ASSIGNMENT | Your copy of the data should leave out the images and match everything else exactly.

DATA SECTION |
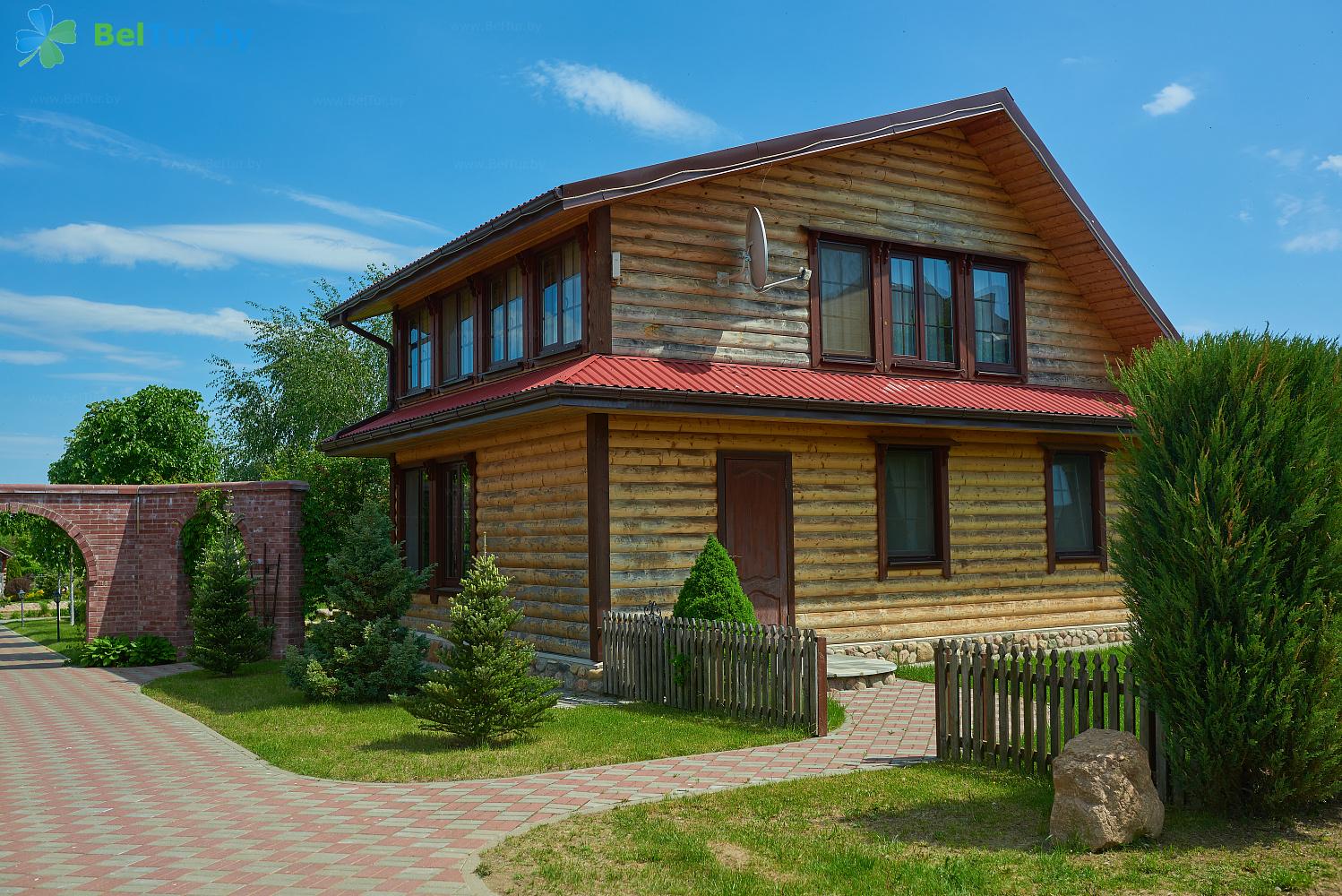 Rest in Belarus - hotel complex Versailles Park Hotel - Guest house ROZOVY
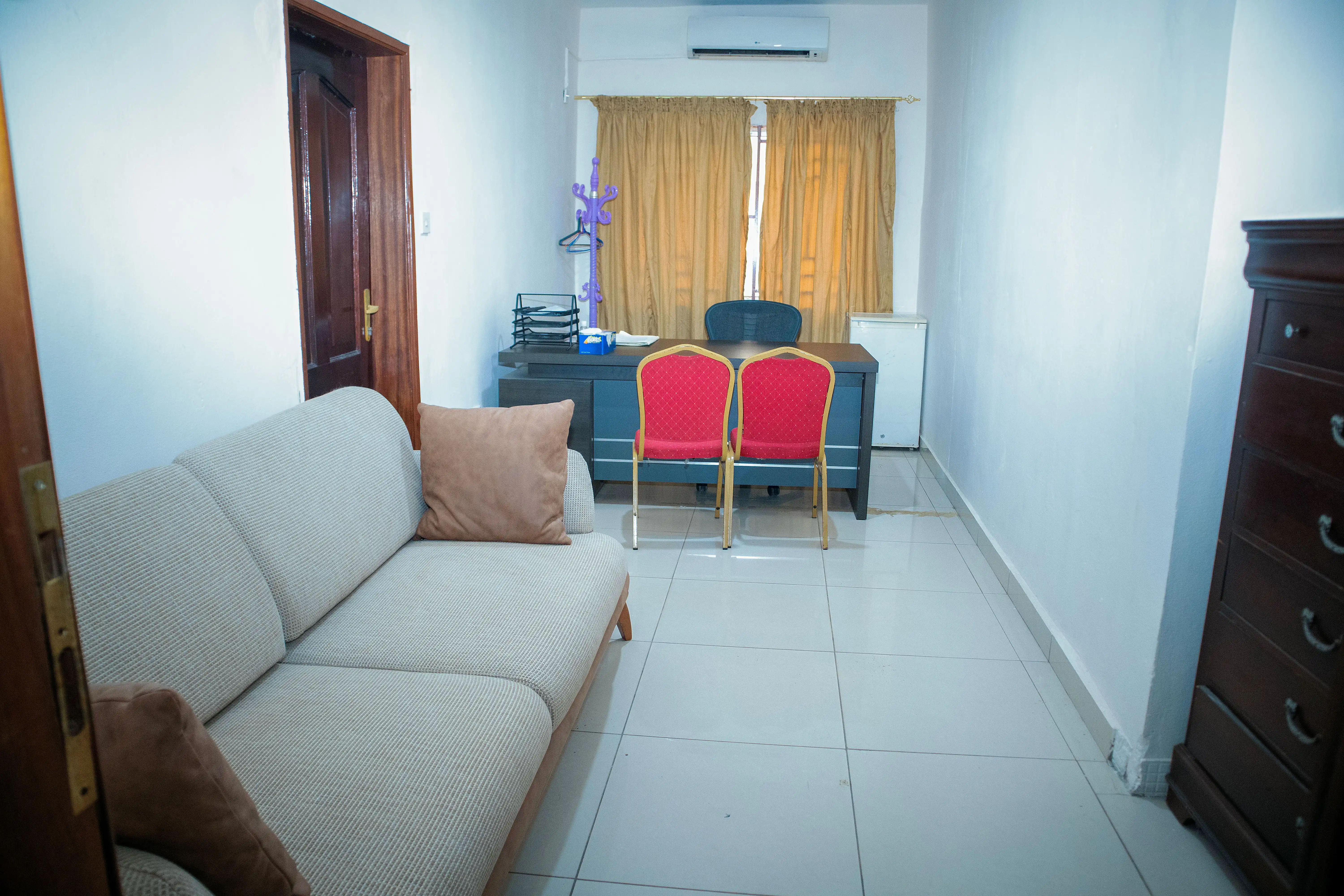 Office Environment 7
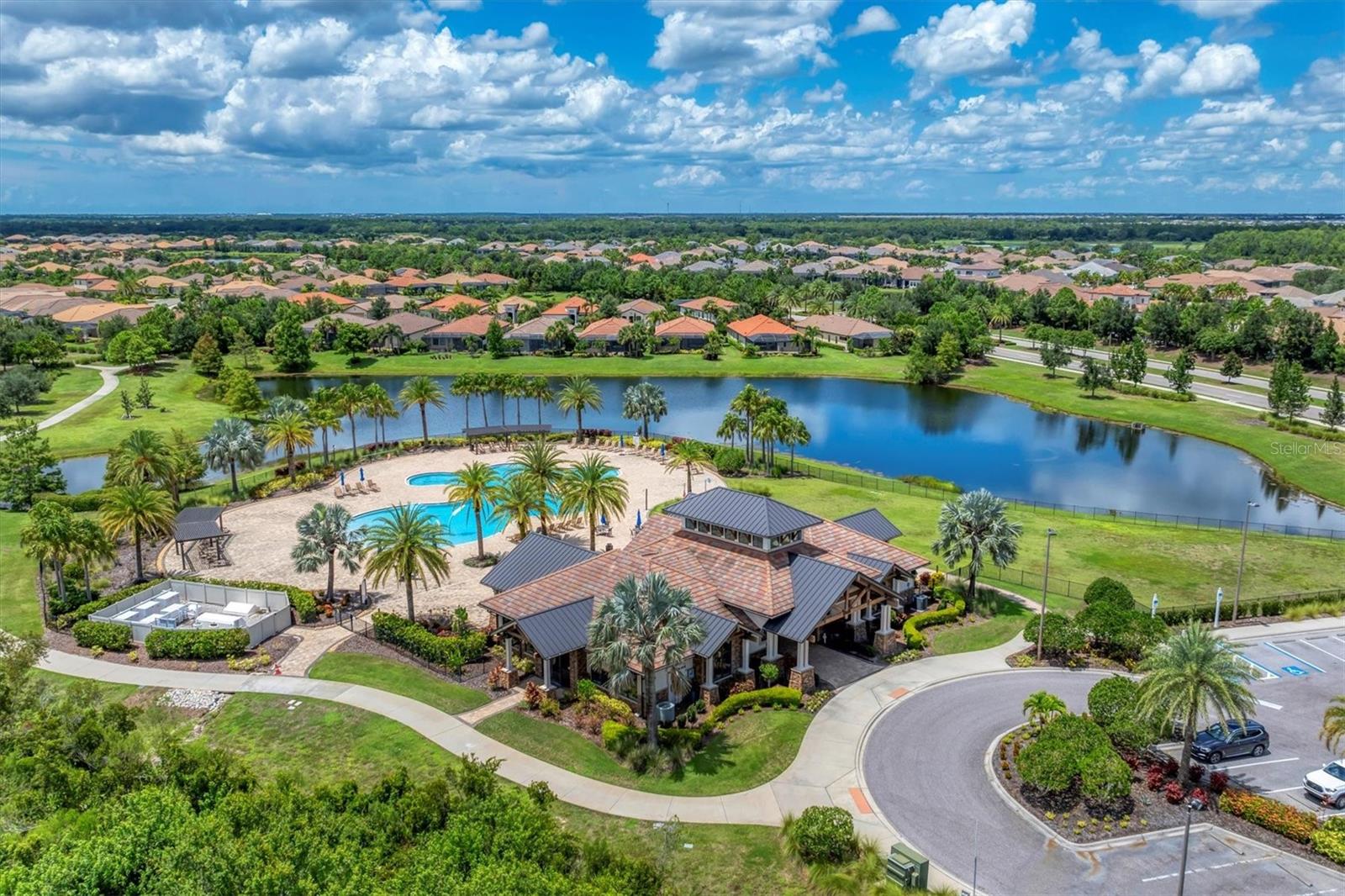 COUNTRY CLUB EAST AT LAKEWD RNCH XX - Residential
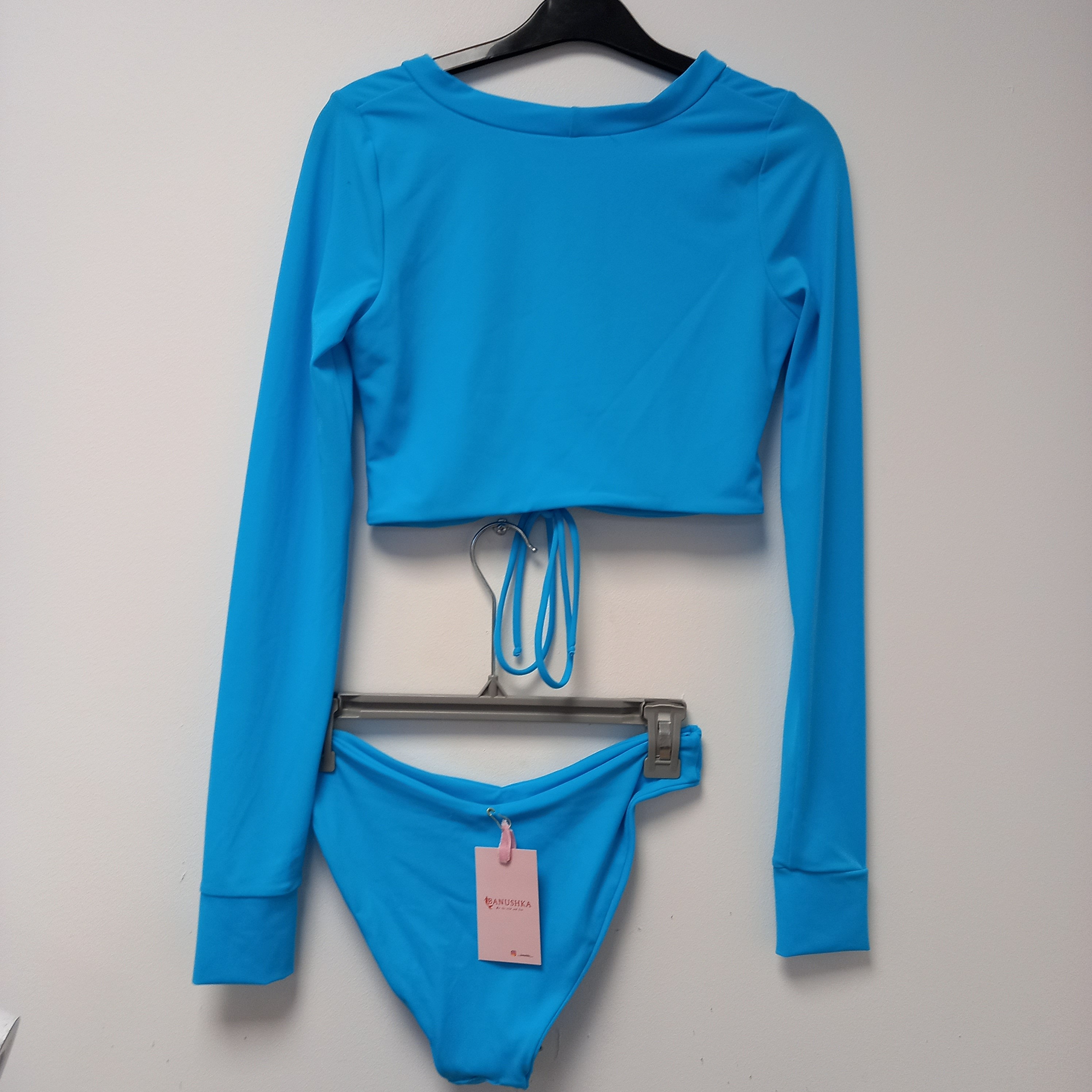 Voir photo 2 de Sport tenue de patinage artistique bleu 2 pièces. T.34 Sport tenue de patinage artistique bleu 2 pièces. T.34 Parfait état reconditionné photo 2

SOLUTION FOR THIS PROBLEM |
 Rest in Belarus - hotel complex Versailles Park Hotel - Guest house ROZOVY
 Office Environment 7
 COUNTRY CLUB EAST AT LAKEWD RNCH XX - Residential
 Voir photo 2 de Sport tenue de patinage artistique bleu 2 pièces. T.34 Sport tenue de patinage artistique bleu 2 pièces. T.34 Parfait état reconditionné photo 2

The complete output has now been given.